▶ [Task requirements]:
In the data below, the answer is the run of lines from the line containing "Điều rang muối" through the line containing "map of restaurants, bars, coffee", both included; print it exactly and nothing else.

▶ [Exercise input]:
+---+
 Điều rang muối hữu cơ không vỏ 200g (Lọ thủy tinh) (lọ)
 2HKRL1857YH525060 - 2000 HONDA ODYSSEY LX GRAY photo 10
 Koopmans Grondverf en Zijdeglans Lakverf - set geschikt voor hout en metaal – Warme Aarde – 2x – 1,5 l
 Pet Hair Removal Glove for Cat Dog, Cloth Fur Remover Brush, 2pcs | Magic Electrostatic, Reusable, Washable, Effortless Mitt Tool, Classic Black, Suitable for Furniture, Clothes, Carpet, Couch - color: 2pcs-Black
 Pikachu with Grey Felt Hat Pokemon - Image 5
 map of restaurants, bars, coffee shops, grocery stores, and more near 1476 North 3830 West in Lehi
+---+
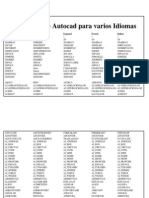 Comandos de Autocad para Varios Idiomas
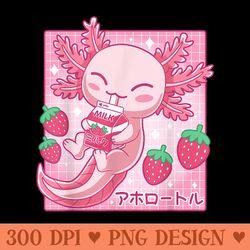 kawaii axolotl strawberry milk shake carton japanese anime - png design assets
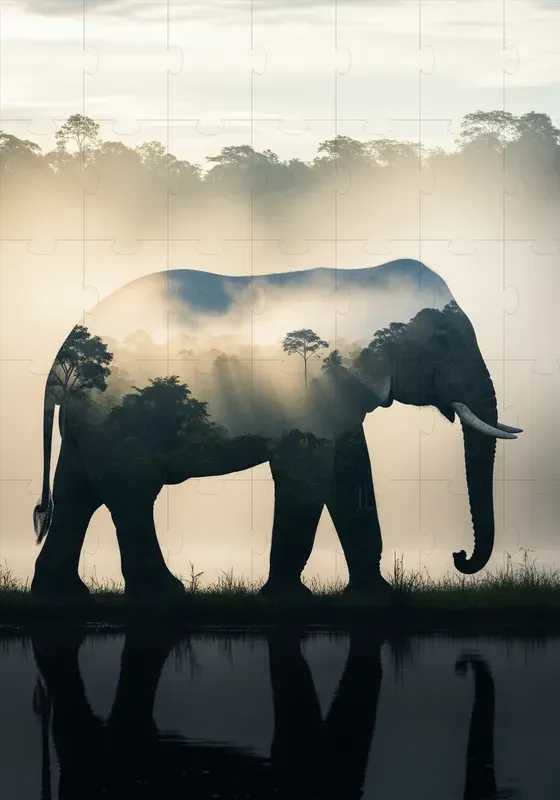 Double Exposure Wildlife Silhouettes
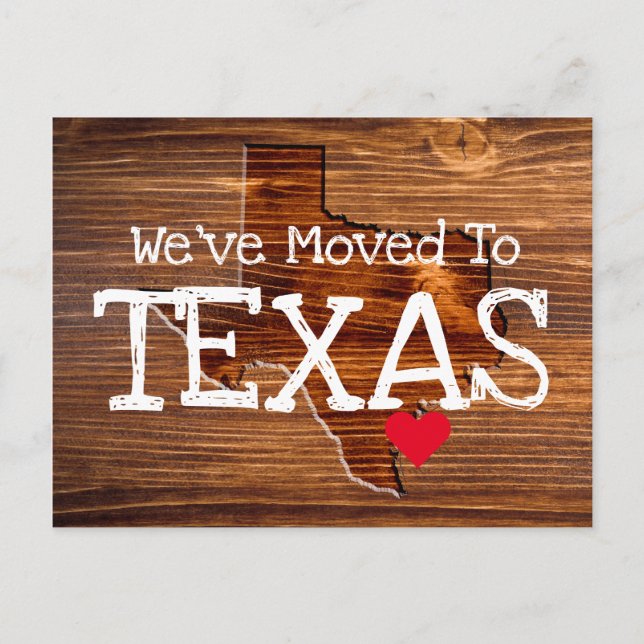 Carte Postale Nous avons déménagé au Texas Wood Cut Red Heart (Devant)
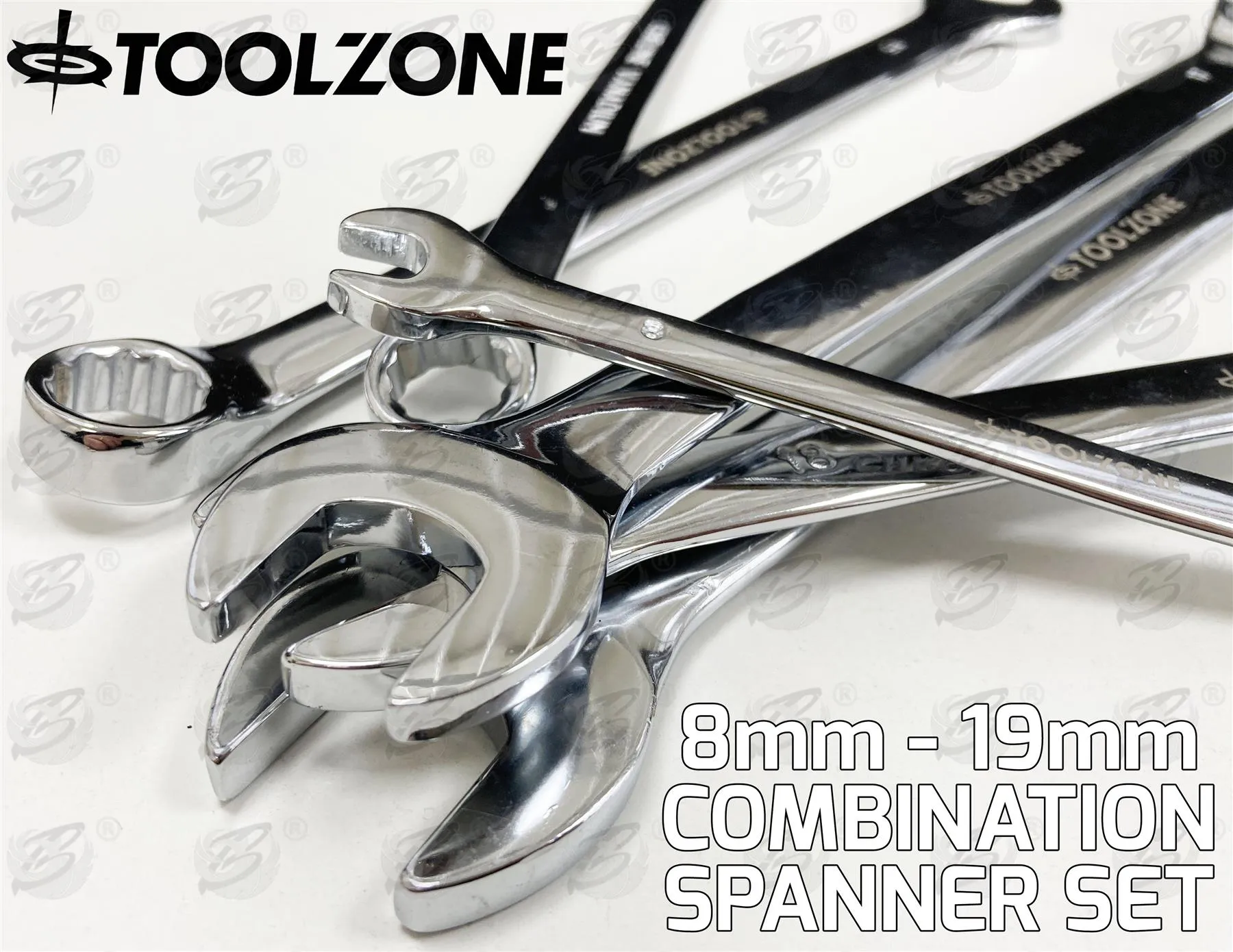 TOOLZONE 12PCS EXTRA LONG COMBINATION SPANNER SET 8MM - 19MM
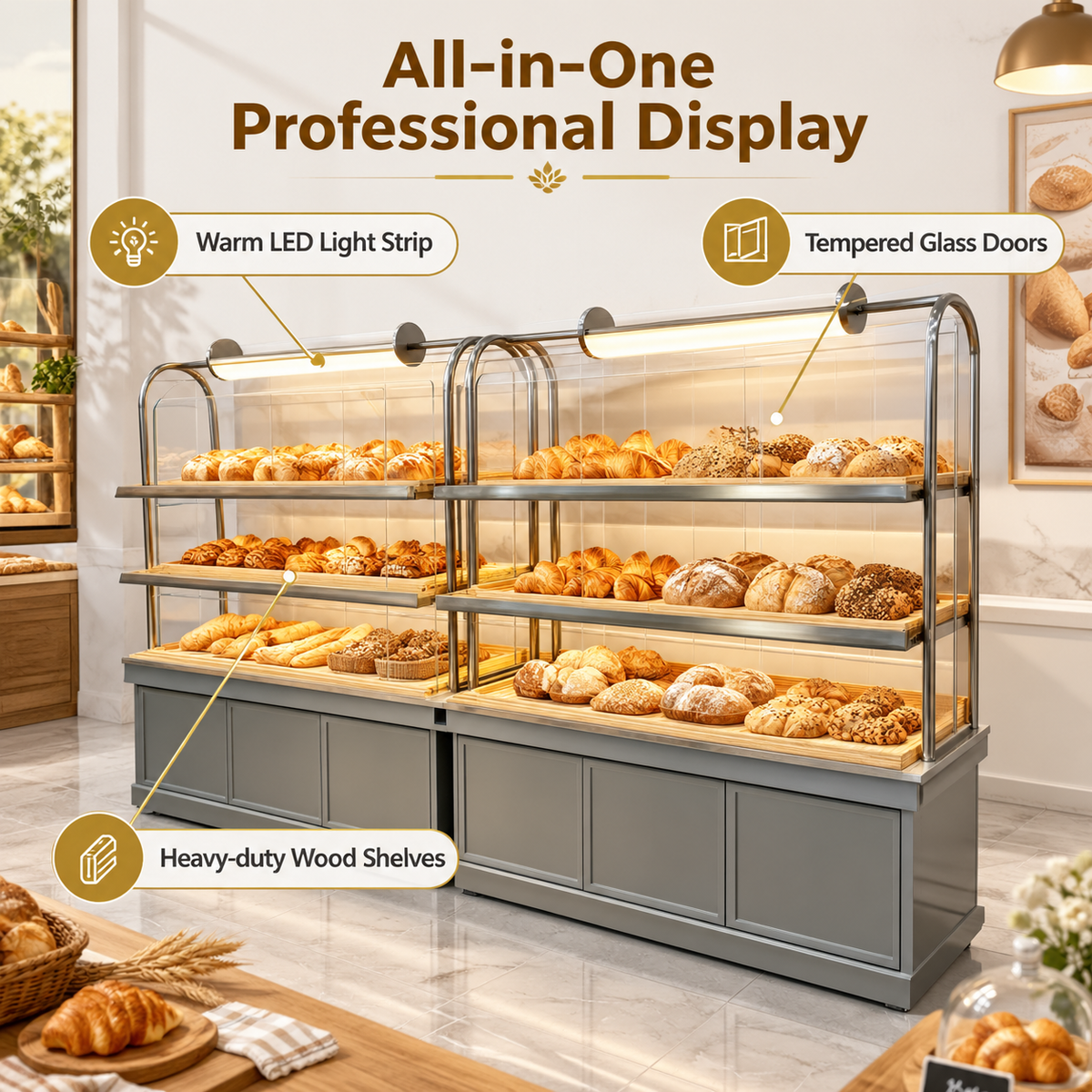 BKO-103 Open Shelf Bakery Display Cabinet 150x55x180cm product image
+---+
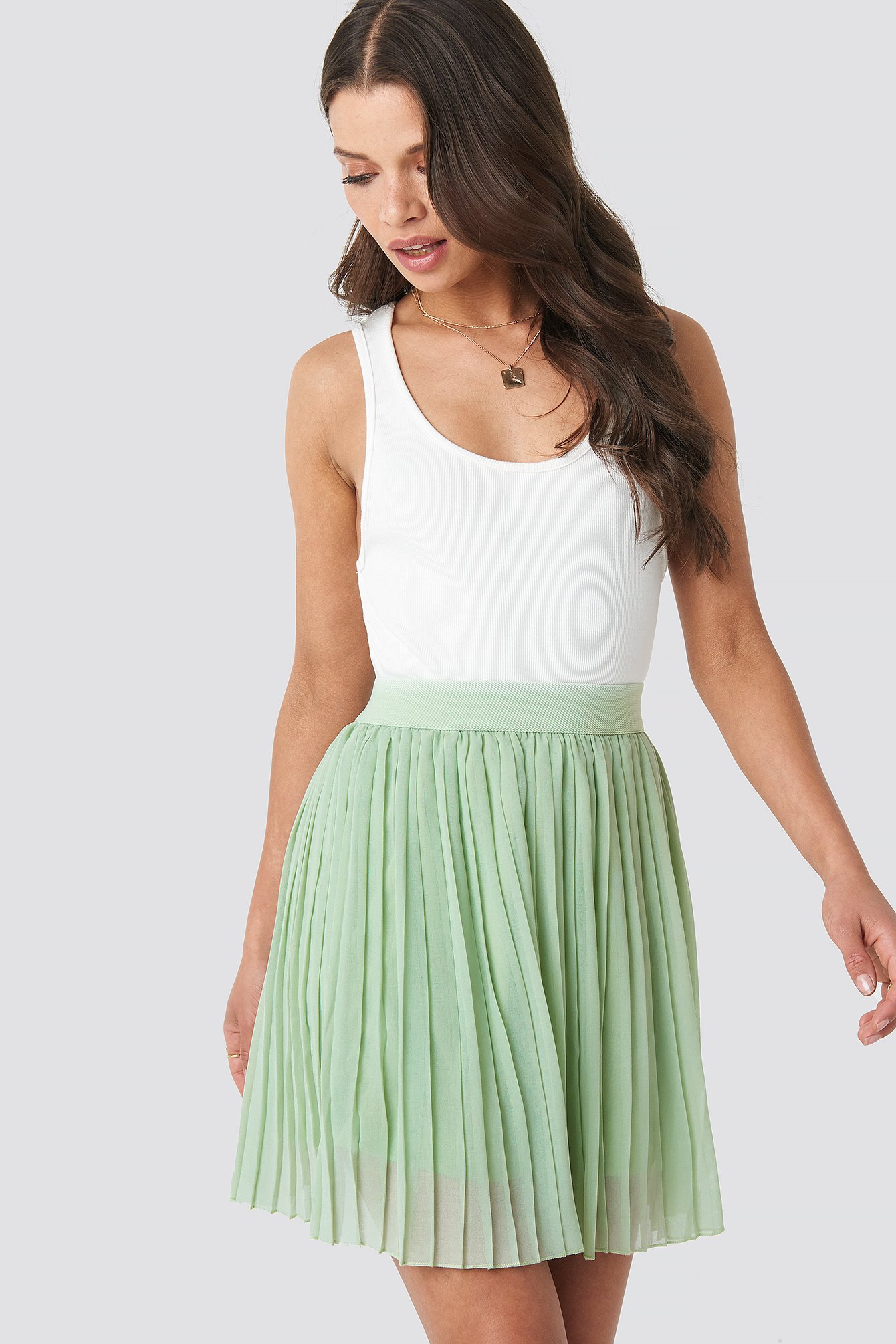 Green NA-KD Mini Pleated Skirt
+---+
▶ [Written reply]:
 Điều rang muối hữu cơ không vỏ 200g (Lọ thủy tinh) (lọ)
 2HKRL1857YH525060 - 2000 HONDA ODYSSEY LX GRAY photo 10
 Koopmans Grondverf en Zijdeglans Lakverf - set geschikt voor hout en metaal – Warme Aarde – 2x – 1,5 l
 Pet Hair Removal Glove for Cat Dog, Cloth Fur Remover Brush, 2pcs | Magic Electrostatic, Reusable, Washable, Effortless Mitt Tool, Classic Black, Suitable for Furniture, Clothes, Carpet, Couch - color: 2pcs-Black
 Pikachu with Grey Felt Hat Pokemon - Image 5
 map of restaurants, bars, coffee shops, grocery stores, and more near 1476 North 3830 West in Lehi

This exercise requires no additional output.